Dans notre droit pénal, l’association de malfaiteurs est une infraction couvrant un champ relativement large. Il s’agit du reste d’une disposition remontant à la loi de 1986, qui permet aux magistrats de caractériser des pratiques très diverses. Lorsque ces pratiques ont un caractère délictuel, les décisions de la justice relèvent de ce que le code a prévu pour les délits. Lorsqu’elles ont un caractère criminel, c’est la cour d’assises qui juge. Dans un État de droit, il s’agit donc de caractériser les faits, et non pas de se contenter de dire ce qu’ont pu faire les personnes qui sont parties.

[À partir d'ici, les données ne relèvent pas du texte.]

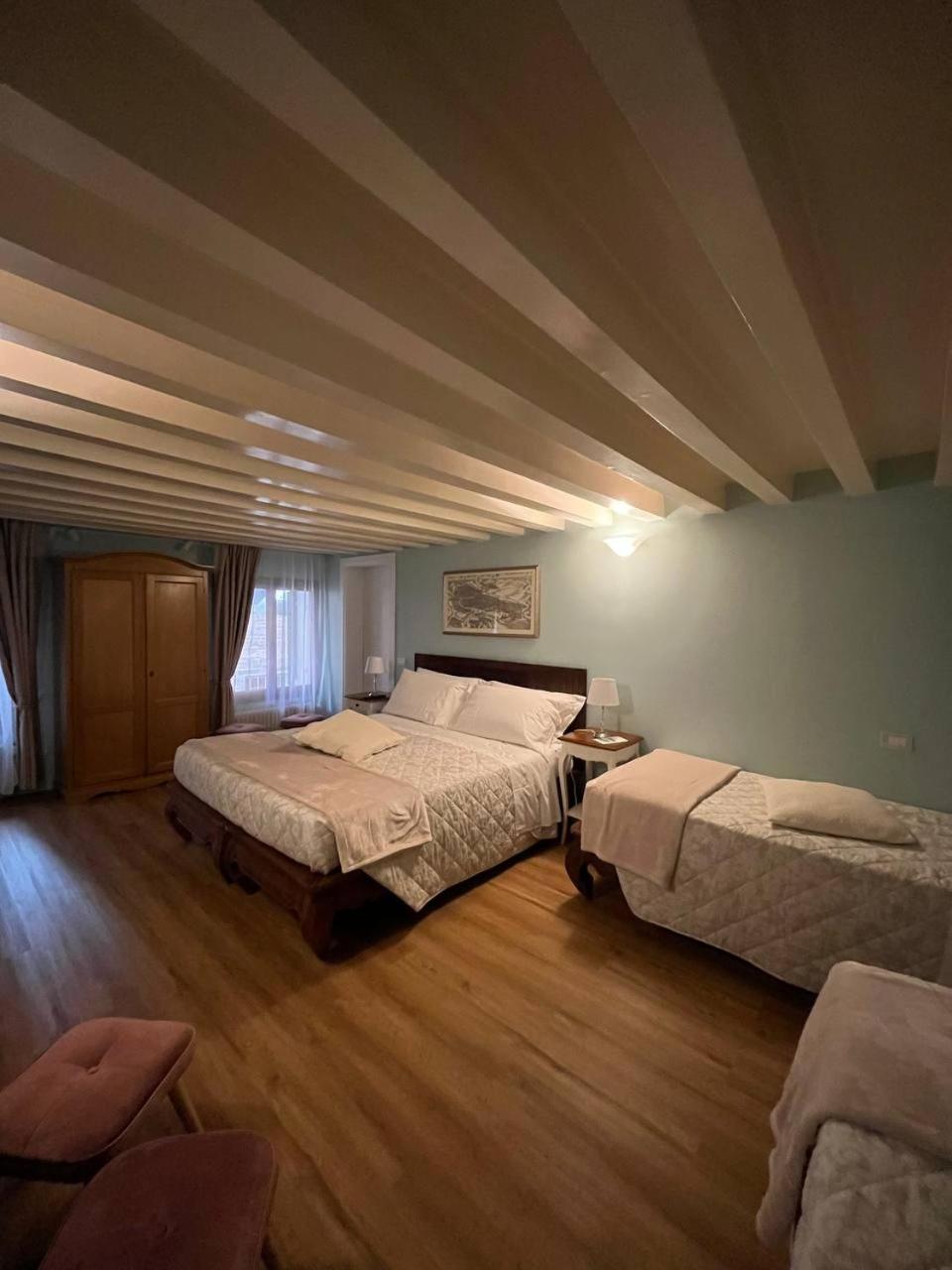 Superior Family Room photo 3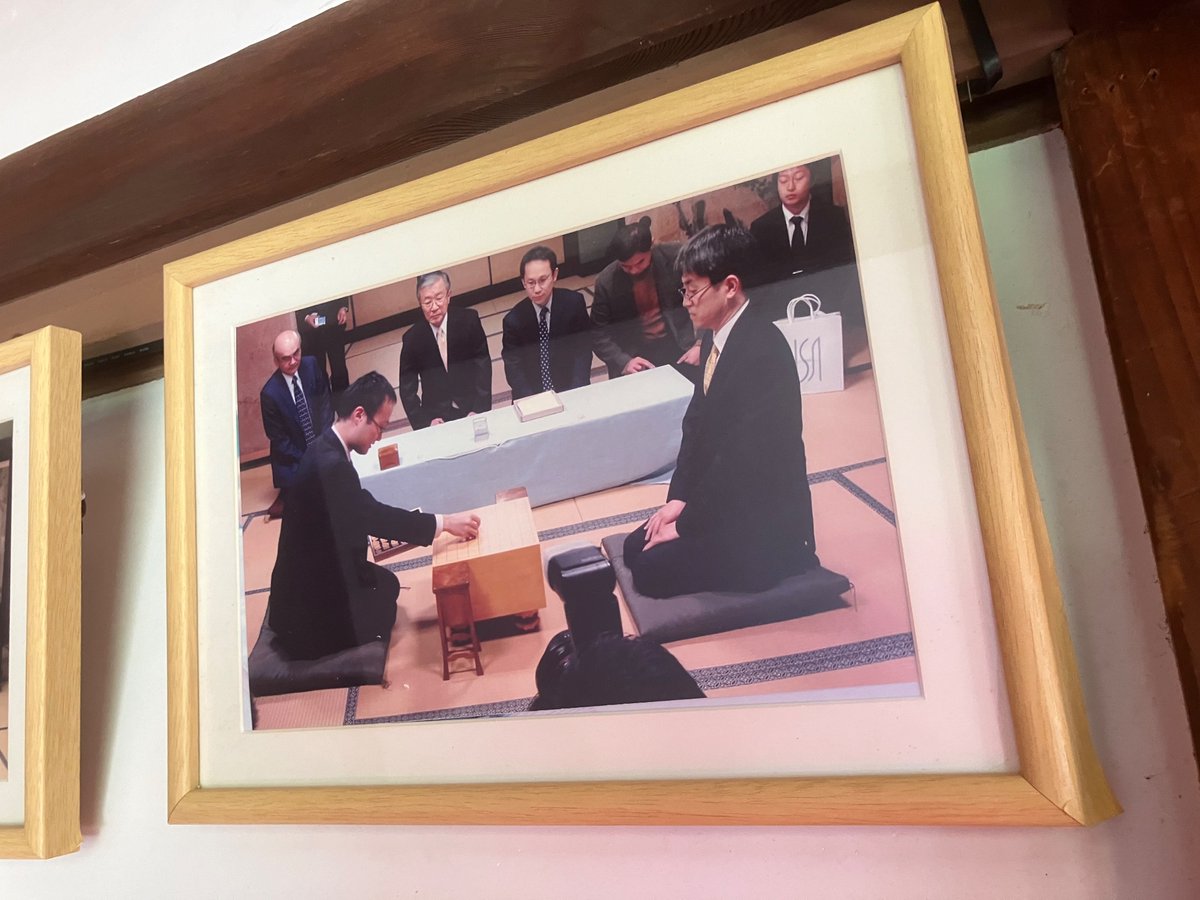 bunkakobenp's tweet photo. 将棋・第16期加古川青流戦
（加古川市など主催、神戸新聞社共催）

本日、決勝3番勝負が開幕

対局場の鶴林寺は、七大タイトル戦の舞台にもなってきました

懐かしい写真が掲げられていました
対局者だけでなく、立会人や記録係にも注目です

詳報は神戸新聞NEXT(https://t.co/Vp9xfymcVW)で https://t.co/dLRDpPmune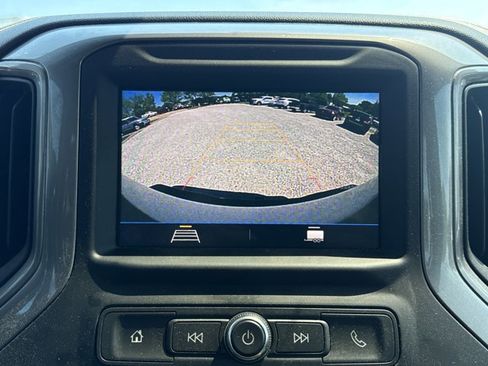 Used 2022 Chevrolet Silverado 2500 Custom w/ Custom Value Package AWD/4WD image 6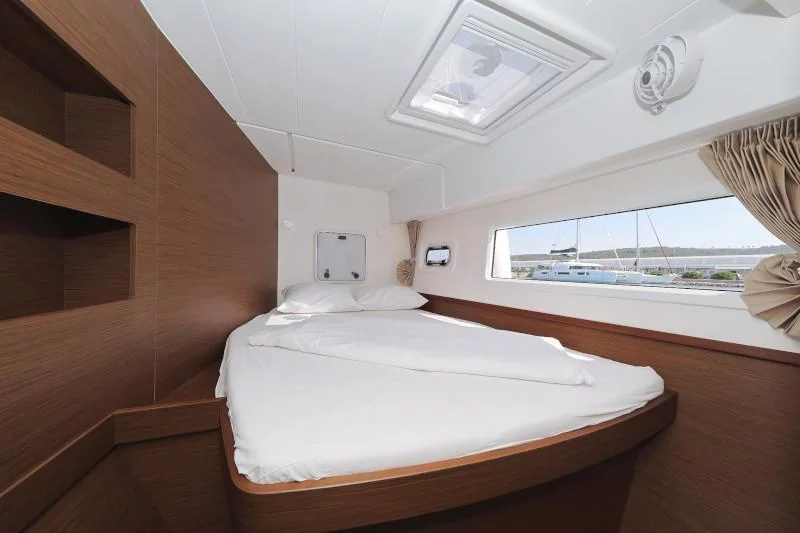 Lagoon 42 (ROYAL SALUTE)  - 59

Notre droit prévoit donc des dispositions applicables au retour. Dans le projet de réforme de la procédure pénale, nous ajoutons des dispositions encadrées pour les décisions qui doivent être prises à l’égard des personnes revenant de zones de guerre. Ce que je peux vous dire, c’est qu’on a dénombré huit aménagements de peine sur toute l’année 2015 et que 243 procédures ont été ouvertes pour infractions terroristes. Dans le cadre de ces procédures, c’est-à-dire avant jugement, les magistrats ont pris une décision de détention provisoire à l’encontre de 65 % des personnes concernées et de contrôle judiciaire pour les 35 % restantes.

Je m’étonne donc que, malgré ces décisions prises par des magistrats spécialisés à partir d’éléments tout à fait objectifs et vérifiables, vous parveniez à dire que des personnes susceptibles d’être impliquées sont lâchées dans la nature. Arithmétiquement, il ne reste en effet aucun espace pour ce que vous dénoncez.